MLperf released their first round of storage benchmark submissions early this month. There’s plenty of interest how much storage is required to keep GPUs busy for AI work. As a result, MLperf has been busy at work with storage vendors to create a benchmark suitable to compare storage systems under a “simulated” AI workload.
For the v0.5 version ,they have released two simulated DNN training workloads one for image segmentation (3D-Unet [146 MB/sample]) and the other for BERT NLP (2.5 KB/sample).
The GPU being simulated is a NVIDIA V100. What they showing with their benchmark is a compute system (with GPUs) reading data directly from a storage system.
By using simulated (GPU) compute, the benchmark doesn’t need physical GPU hardware to run. However, the veracity of the benchmark is somewhat harder to depend on.
But, if one considers, the reported benchmark metric, # supported V100s, as a relative number across the storage submissions, one is on more solid footing. Using it as a real number of V100s that could be physically supported is perhaps invalid.
The other constraint from the benchmark was keeping the simulated (V100) GPUs at 90% busy. MLperf storage benchmark reports, number of samples/second,MBPS metrics as well as # simulated (V100) GPUs supported (@90% utilization).
In the bar chart we show the top 10 # of simulated V100 GPUs for image segmentation storage submissions, DDN AI400X2 had 5 submissions in this category.
The interesting comparison is probably between DDN’s #1 and #3 submission.
- The #1 submission had smaller amount of data (24X3.5TB = 64TB of flash), used 200Gbps InfiniBand, with 16 compute nodes and supported 160 simulated V100s.
- The #3 submission had more data (24X13.9TB=259TB of flash),used 400Gbps InfiniBand with 1 compute node and supports only 40 simulated V100s
It’s not clear why the same storage, with less flash storage, and slower interfaces would support 4X the simulated GPUs than the same storage, with more flash storage and faster interfaces.
I can only conclude that the number of compute nodes makes a significant difference in simulated GPUs supported.
One can see a similar example of this phenomenon with Nutanix #2 and #6 submissions above. Here the exact same storage was used for two submissions, one with 5 compute nodes and the other with just 1 but the one with more compute nodes supported 5X the # of simulated V100 GPUs.
Lucky for us, the #3-#10 submissions in the above chart, all used one compute node and as such are more directly comparable.
So, if we take #3-#5 in the chart above, as the top 3 submissions (using 1 compute node), we can see that the #3 DDN AI400X2 could support 40 simulated V100s, the #4 Weka IO storage cluster could support 20 simulated V100s and the #5 Micron NVMe SSD could support 17 simulated V100s.
The Micron SSD used an NVMe (PCIe Gen4) interface while the other two storage systems used 400Gbps InfiniBand and 100Gbps Ethernet, respectively. This tells us that interface speed, while it may matter at some point, doesn’t play a significant role in determining the # simulated V100s.
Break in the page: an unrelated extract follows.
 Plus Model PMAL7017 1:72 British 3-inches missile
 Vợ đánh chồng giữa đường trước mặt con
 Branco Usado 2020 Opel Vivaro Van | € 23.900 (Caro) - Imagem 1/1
Both the DDN AI4000X2 and Weka IO storage systems are sophisticated storage systems that support many protocols for file access. Presumably the Micron SSD local storage was directly mapped to a Linux file system.
The only other MLperf storage benchmark that had submissions was for BERT, a natural language model.
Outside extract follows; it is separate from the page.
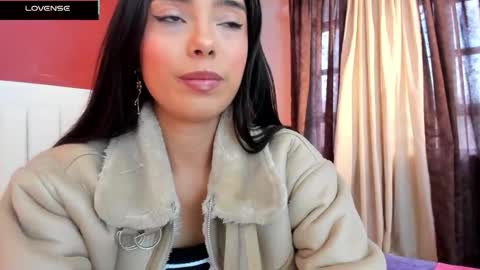 lia_morett online show from 20, 10, 2025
In the chart, we show the # of simulated V100 GPUs on the vertical axis. We see the same impact here of having multiple compute nodes in the #1 DDN solution supporting 160 simulated V100s. But in this case, all the remaining systems, used 1 compute node.
Comparing the #2-4 BERT submissions, both the #2 and #4 are DDN AI400X2 storage systems. The #2 system had faster interfaces and more data storage than the #4 system and supported 40 simulated GPUs vs the other only supporting 10 simulated V100s.
Once again, Weka IO storage system came in at #3 (2nd place in the 1 compute node systems) and supported 24 simulated V100s.
A couple of suggestions for MLperf:
- There should be different classes of submissions one class for only 1 compute node and the other for any number of compute nodes.
- I would up level the simulated GPU configurations to A100 rather than V100s, which would only be one generation behind best in class GPUs.
- I would include a standard definition for a compute node. I believe these were all the same, but if the number of compute nodes can have a bearing on the number of V100s supported, the compute node hardware/software should be locked down across submissions.
- We assume that the protocol used to access the storage oven InfiniBand or Ethernet was standard NFS protocols and not something like GPUDirect storage or other RDMA variants. As the GPUs were simulated this is probably correct but if not, it should be specfied
- I would describe the storage configurations with more detail, especially for software defined storage systems. Storage nodes for these systems can vary significantly in storage as well as compute cores/memory sizes which can have a significant bearing on storage throughput.
To their credit this is MLperfs first report on their new Storage benchmark and I like what I see here. With the information provided, one can at least start to see some true comparisons of storage systems under AI workloads.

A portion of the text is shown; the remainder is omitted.